For those who farm row crops in most counties in the Midwest and upper Midwest, May 31 or June 5 is "decision day." Farmers must decide whether to plant row crops or take the prevented planting payment from their crop insurance policy.
University of Illinois agricultural economist and farm management specialist Gary Schnitkey has provided calculations to help farmers choose the option with the best net return. Farmers in southern Illinois, Ohio and Indiana, and the upper Midwest need to be cautious about the decision because prevented planting could have more return than planting corn.
"Corn planted at this point in time will likely have lower yields than normal. This makes taking the prevented planting looks like an attractive alternative," Schnitkey says. "And, in our calculations, taking the prevented planting payment on corn almost always looks better than planting soybeans. You have to get fairly high yields on soybeans in order to make it comparable."
Schnitkey developed scenarios that made calculations based on projected harvest prices for corn and soybeans alongside several crop insurance coverage levels.
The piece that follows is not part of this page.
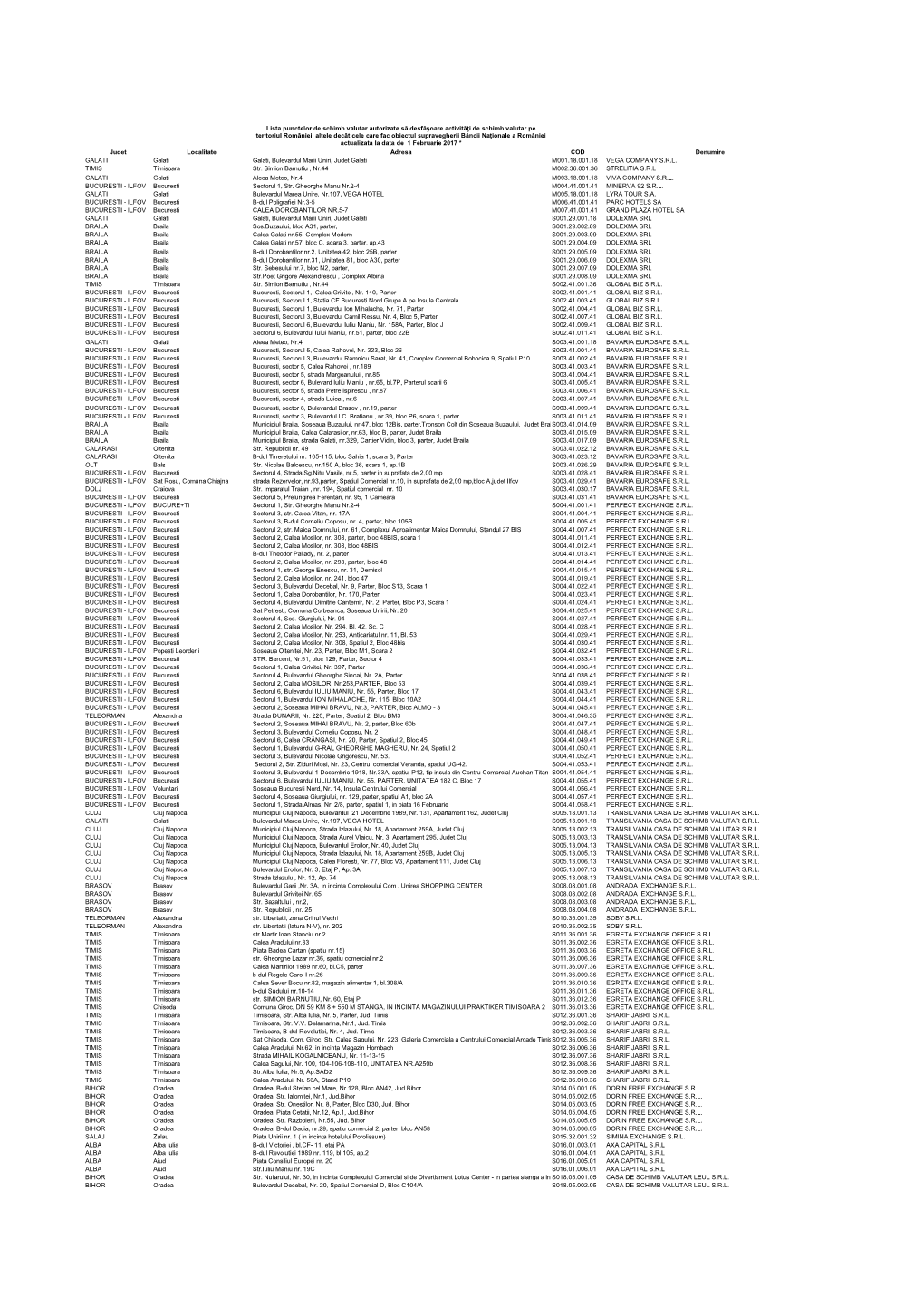 Judet Localitate Adresa COD Denumire GALATI Galati Galati, Bulevardul Marii Uniri, Judet Galati M001.18.001.18 VEGA COMPANY S.R.L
One example used prices of $6.40 for harvest time price for corn and $13.30 for soybeans. In this scenario, the prevented planting payment net of cost with an 80% coverage level was $400 per acre. The net returns for planting corn came in at $375 per acre, with planting soybeans at $363 per acre. So, at the 80% coverage level, taking the prevented planting payment was $25 per acre higher than for planting corn. For soybeans, it was about $30 higher than planting.
"We used $6.40 for corn, but if corn prices go up, planting corn might have a better return. If the price of corn goes down, taking the prevented planting payment will be the better option," he adds.
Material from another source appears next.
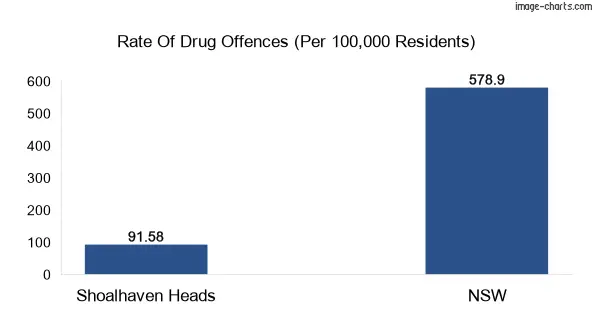 Drug offences in Shoalhaven Heads vs NSW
Another factor affecting farmers is that many of them may have chosen lower crop insurance coverage levels than last year.
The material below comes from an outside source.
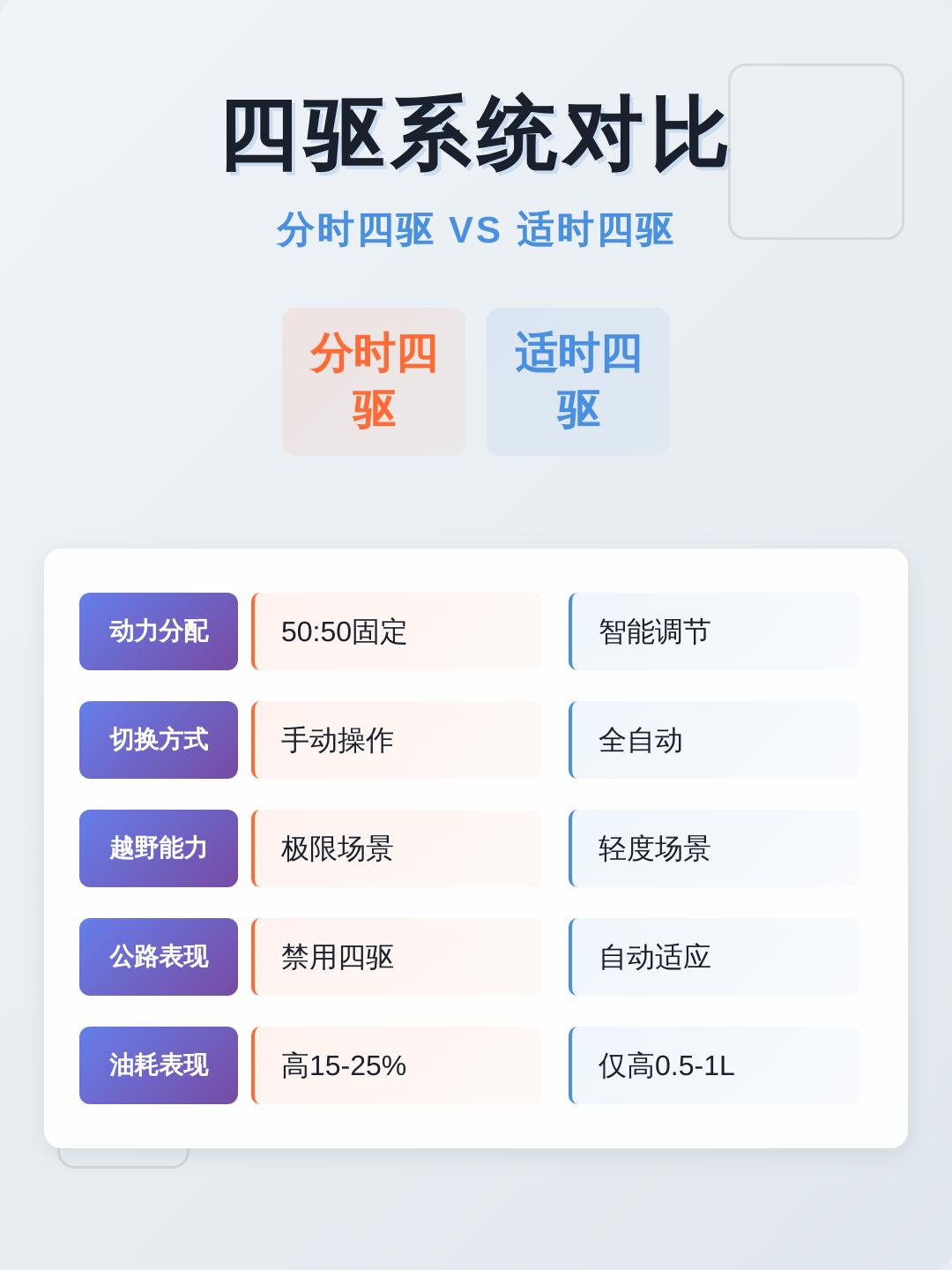 汽车适时四驱使用场景全解析(汽车适时四驱使用场景全解析视频) 汽车适时四驱使用场景全解析(汽车适时四驱使用场景全解析视频)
"Prevented planting payments go up with higher coverage levels, so at a 75% coverage level, 80% and 85% will have higher prevented planting payments. Making those calculations will be critical," he adds.
Farmers may also ask whether the nitrogen fertilizer which has already been applied to their fields can be included in the calculations. Schnitkey says it can't.
"When we compare the returns between prevented planting and planting, only the costs that have not yet been incurred can be included," he says. "If, for example, you have already applied nitrogen fertilizer, that cost is sunk so it doesn't matter whether we choose to take the prevented planting payment or plant corn. It's no longer a relevant consideration."
Schnitkey counters that this also means that if a farmer hasn't applied nitrogen fertilizer yet, it will make the Prevented Planting payment an even better option.
"If you are able to plant corn or field conditions are alright, you should plant corn," he concluded. "You can't decide now not to plant, up to the final planting date."